## SUPPLIED RECORDS
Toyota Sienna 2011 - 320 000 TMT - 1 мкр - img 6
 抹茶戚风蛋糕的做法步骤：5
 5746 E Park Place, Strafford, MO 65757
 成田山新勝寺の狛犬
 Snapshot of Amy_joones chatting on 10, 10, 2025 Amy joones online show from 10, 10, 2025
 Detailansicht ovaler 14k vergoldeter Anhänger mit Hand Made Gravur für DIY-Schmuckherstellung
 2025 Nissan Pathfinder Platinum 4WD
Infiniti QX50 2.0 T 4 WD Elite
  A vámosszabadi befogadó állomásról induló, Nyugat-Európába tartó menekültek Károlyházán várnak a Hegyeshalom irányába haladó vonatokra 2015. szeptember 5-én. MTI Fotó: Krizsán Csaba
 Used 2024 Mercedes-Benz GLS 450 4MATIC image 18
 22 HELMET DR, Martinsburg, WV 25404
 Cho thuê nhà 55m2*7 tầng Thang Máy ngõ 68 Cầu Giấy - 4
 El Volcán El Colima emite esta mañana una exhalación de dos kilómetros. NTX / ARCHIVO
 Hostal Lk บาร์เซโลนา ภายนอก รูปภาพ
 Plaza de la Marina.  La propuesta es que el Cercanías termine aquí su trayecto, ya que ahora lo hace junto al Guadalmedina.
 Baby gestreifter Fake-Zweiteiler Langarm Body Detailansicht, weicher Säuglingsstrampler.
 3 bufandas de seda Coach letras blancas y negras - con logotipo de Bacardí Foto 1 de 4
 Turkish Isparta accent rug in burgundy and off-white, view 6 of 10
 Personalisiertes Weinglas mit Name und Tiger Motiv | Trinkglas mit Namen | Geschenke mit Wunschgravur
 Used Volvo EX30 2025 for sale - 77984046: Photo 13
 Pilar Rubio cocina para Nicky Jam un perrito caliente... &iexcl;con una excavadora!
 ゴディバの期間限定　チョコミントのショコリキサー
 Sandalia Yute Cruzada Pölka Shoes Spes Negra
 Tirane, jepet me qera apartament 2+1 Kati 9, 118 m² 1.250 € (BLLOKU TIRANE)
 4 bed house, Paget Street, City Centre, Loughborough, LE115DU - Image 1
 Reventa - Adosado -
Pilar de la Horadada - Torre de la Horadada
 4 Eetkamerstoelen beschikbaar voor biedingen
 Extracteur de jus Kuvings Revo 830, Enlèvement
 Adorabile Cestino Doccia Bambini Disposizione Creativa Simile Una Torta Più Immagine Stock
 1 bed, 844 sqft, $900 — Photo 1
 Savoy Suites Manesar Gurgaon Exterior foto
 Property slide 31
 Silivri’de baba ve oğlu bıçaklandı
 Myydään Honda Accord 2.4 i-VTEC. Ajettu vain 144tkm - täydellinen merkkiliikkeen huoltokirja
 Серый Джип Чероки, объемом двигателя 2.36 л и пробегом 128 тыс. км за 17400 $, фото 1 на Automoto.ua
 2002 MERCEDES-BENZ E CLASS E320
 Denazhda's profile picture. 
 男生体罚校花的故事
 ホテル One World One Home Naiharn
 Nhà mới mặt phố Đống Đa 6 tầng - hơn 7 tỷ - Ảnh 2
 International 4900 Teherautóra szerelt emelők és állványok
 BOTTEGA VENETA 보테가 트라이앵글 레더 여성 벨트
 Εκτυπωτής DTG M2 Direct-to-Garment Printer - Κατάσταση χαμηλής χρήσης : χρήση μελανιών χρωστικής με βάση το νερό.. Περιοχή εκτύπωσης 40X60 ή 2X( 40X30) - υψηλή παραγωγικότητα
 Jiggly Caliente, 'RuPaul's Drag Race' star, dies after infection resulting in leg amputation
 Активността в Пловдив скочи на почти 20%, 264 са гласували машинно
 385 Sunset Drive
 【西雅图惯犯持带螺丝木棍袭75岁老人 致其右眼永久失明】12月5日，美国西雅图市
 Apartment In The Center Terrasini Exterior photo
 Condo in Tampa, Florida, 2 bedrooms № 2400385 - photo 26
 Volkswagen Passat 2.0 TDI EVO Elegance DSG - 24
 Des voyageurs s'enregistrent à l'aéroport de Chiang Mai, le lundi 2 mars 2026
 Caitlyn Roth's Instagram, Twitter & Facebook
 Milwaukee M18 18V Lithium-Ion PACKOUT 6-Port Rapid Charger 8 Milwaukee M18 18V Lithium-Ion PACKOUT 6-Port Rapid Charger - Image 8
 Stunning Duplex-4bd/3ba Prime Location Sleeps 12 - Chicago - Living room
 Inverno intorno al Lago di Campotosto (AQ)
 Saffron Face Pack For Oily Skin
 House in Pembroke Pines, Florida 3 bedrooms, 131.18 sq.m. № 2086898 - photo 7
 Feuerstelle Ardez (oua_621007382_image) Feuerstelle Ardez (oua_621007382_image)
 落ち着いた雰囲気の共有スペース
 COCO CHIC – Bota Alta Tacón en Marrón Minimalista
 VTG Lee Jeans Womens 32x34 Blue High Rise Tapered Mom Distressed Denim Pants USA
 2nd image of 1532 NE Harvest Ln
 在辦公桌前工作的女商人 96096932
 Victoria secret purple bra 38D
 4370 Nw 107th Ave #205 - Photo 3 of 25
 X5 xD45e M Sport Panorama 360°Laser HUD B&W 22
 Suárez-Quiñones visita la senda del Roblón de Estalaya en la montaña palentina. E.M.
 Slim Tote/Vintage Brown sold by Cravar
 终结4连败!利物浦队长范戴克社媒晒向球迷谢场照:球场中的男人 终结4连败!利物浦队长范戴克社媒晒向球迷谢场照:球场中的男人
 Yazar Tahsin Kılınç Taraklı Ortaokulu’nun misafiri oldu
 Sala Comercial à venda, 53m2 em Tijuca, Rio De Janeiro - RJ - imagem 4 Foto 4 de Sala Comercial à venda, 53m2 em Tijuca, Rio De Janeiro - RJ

## WORK REQUEST
Output, exactly and in full, the lines from the start of the entries above through the line that contains "Infiniti QX50 2.0 T 4 WD Elite".

## ANSWER FOR THE TASK
Toyota Sienna 2011 - 320 000 TMT - 1 мкр - img 6
 抹茶戚风蛋糕的做法步骤：5
 5746 E Park Place, Strafford, MO 65757
 成田山新勝寺の狛犬
 Snapshot of Amy_joones chatting on 10, 10, 2025 Amy joones online show from 10, 10, 2025
 Detailansicht ovaler 14k vergoldeter Anhänger mit Hand Made Gravur für DIY-Schmuckherstellung
 2025 Nissan Pathfinder Platinum 4WD
Infiniti QX50 2.0 T 4 WD Elite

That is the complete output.